A main part of this project is the PREPROCESSING of your dataset. You should apply relevant filters to your dataset before doing the mining and/or using the results of previous mining tasks. For instance, you may decide to remove apparently irrelevant attributes, replace missing values if any, discretize attributes in a different way, etc. Your report should contained a detailed description of the preprocessing of your dataset and justifications of the steps you followed. If Weka does not provide the functionality you need to preprocess your data as you need to obtain useful patterns, preprocess the data yourself either by writing the necessary filters (you can incorporate them in Weka if you wish).
To the extent possible/necessary, modify the attribute names and the nominal value names so that the resulting decision trees are easy to read.
You may restrict your experiments to a subset of the instances in the input data IF Weka cannot handle your whole dataset (this is unlikely). But remember that the more accurate your decision trees, the better.

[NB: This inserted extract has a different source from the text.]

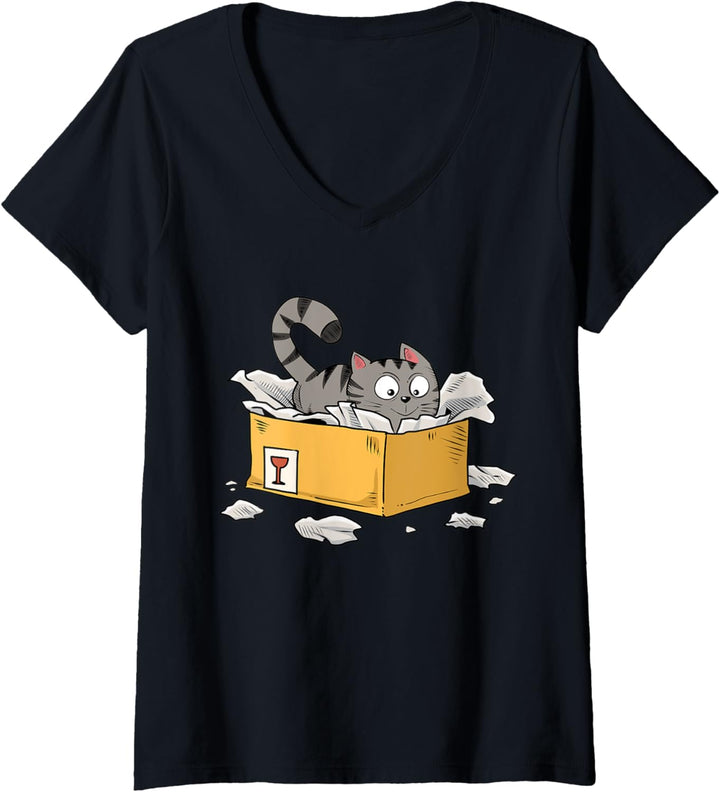 Damen Lustiges Katzen kätzchen T-Shirt mit V-Ausschnitt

Experiment with Weka's J4.8 classifier to see how it performs pre- and/or post-prunning of the decision tree in order to increase the classification accuracy and/or to reduce the size of the decision tree.
Your report should contain the following sections with the corresponding discussions:
Provide a detail description of the preprocessing of your data. Justify the preprocessing you apply and why the resulting data is the appropriate one for mining decision trees from it.

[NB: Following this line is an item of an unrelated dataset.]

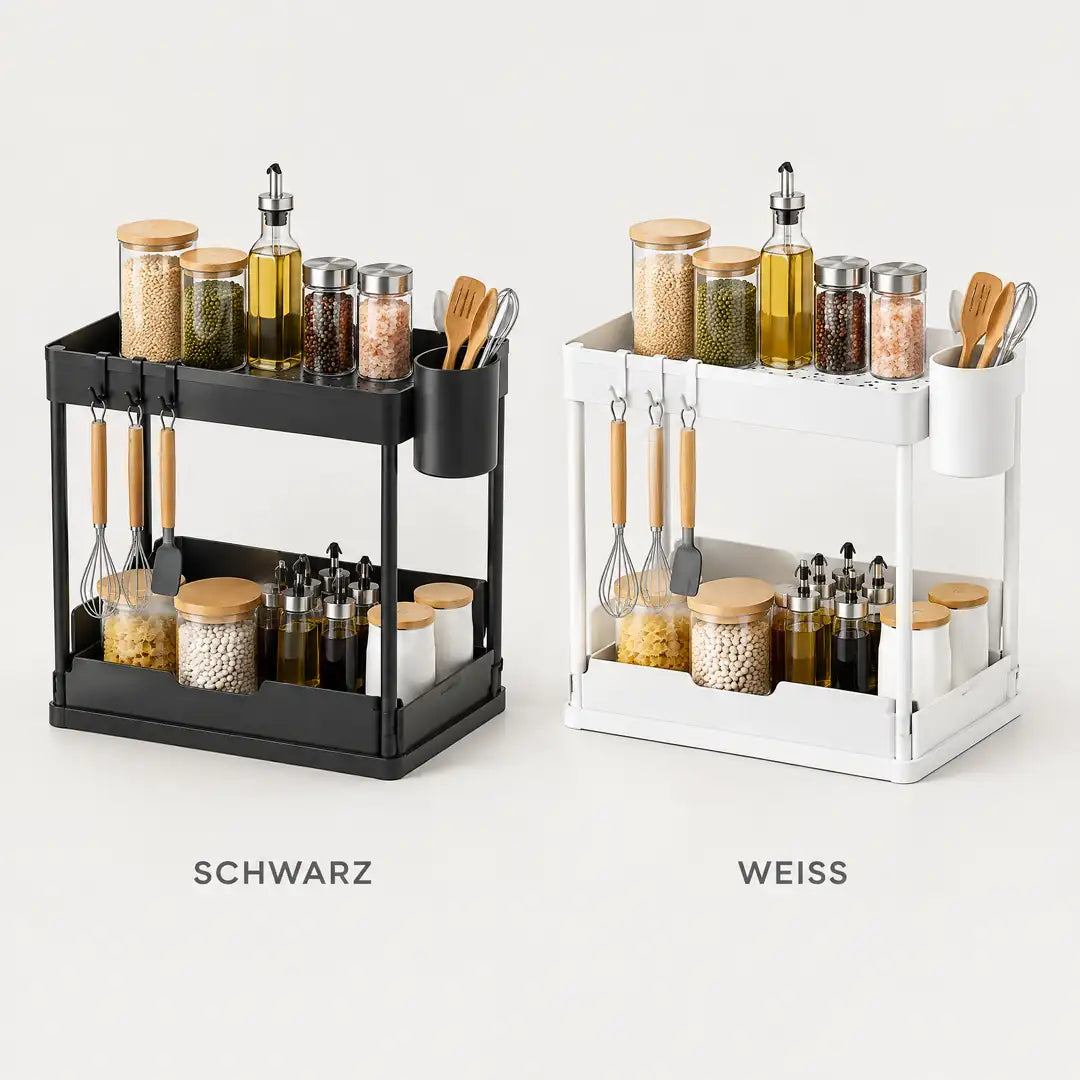 Küchenschrank Organizer in Schwarz und Weiß nebeneinander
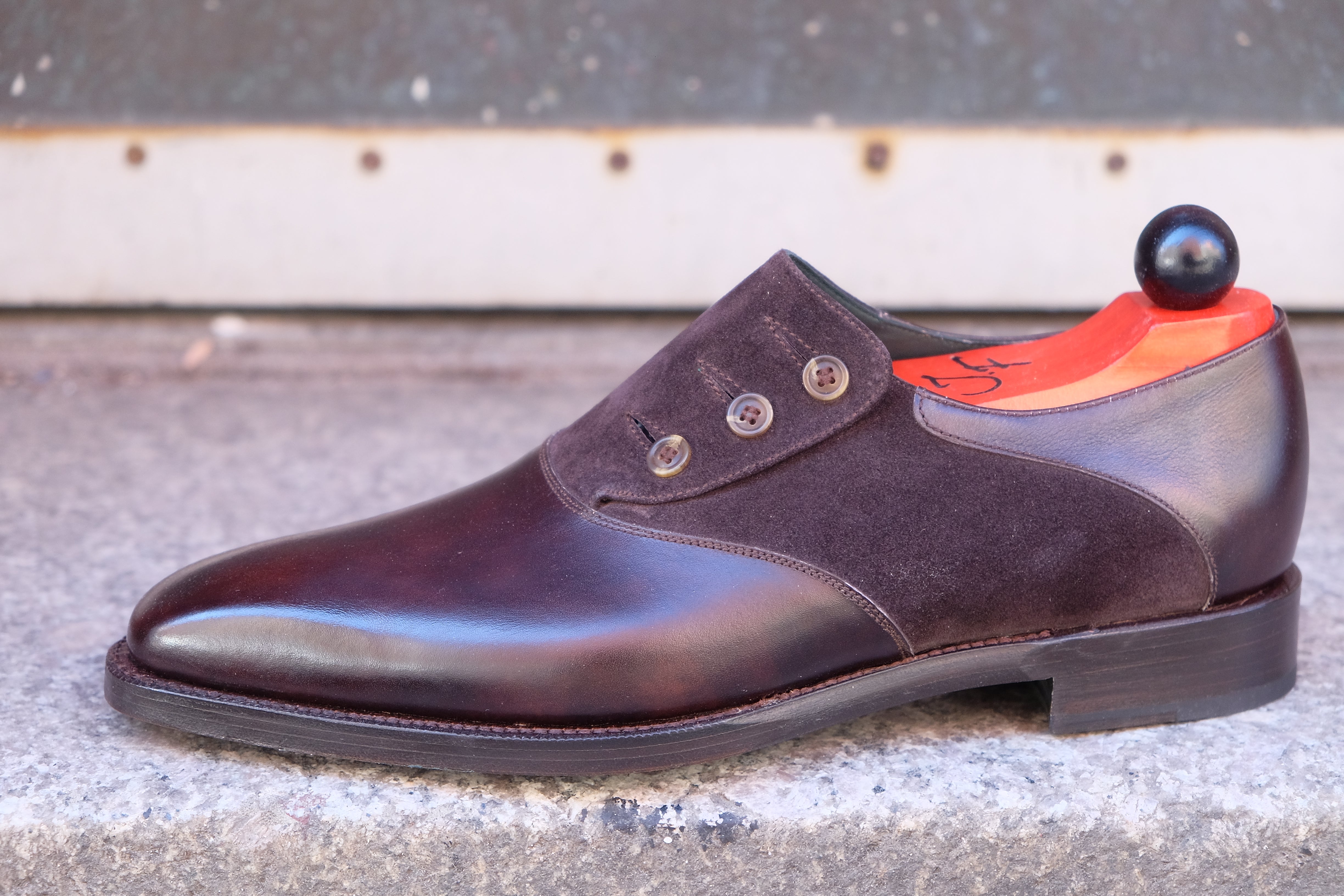 Aurora - MTO - Dark Brown Museum Calf / Dark Brown Suede - MGF Last - Double Leather Sole-Made To Order Button Shoe Plain Toe-J.FitzPatrick Footwear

Please submit the following files using the turnin system by 10:00 am on Wed, March 26 2003. For your turnin submission, THE NAME OF THE PROJECT IS "project1". PLEASE MAKE JUST ONE PROJECT SUBMISSION PER GROUP. Submissions received on Wed, March 26 between 10:01 am and 12 noon will be penalized with 30% off the grade and submissions after March 26 AT NOON won't be accepted.
TOTAL: 100 POINTS + EXTRA POINTS DEPENDING ON EXCEPTIONAL QUALITY (TOTAL: 20 points) PRE-PROCESSING OF THE DATASET: (05 points) Translating both input datasets into .arff (05 points) Discretizing attributes as needed (05 points) Dealing with missing values appropriately (05 points) Dealing with attributes appropriately (i.e. using nominal values instead of numeric when appropriate, using as many of them as possible, etc.) (up to 5 extra credit points) Trying to do "fancier" things with attributes (i.e. combining two attributes highly correlated into one, using background knowledge, etc.) (TOTAL: 15 points) ALGORITHMIC DESCRIPTION OF THE CODE DESCRIPTION (04 points) Description of the algorithm underlying the Weka filters used (02 points) Description of the algorithm underlying Weka's ZeroR code (04 points) Description of the algorithm underlying Weka's ID3 code (05 points) Description of the algorithm underlying Weka's J4.8 code (TOTAL: 60 points) EXPERIMENTS (TOTAL: 28 points each dataset) FOR EACH DATASET: (02 points) ran at least a reasonable number of experiments to get familiar with ZeroR (TOTAL: 26 points) For each decision tree method required ID3 and J4.8 (13 points each): (05 points) ran at least a reasonable number of experiments to get familiar with the decision tree method and different evaluation methods (%split, cross-validation,...) (03 points) good description of the experiment setting and the results (05 points) good analysis of the results of the experiments (up to 4 extra credit points) excellent analysis of the results (04 points) comparison of the results obtained with ZeroR, ID3, and J4.8 and summary of the project (TOTAL 5 points) SLIDES - how well do they summarize concisely the results of the project?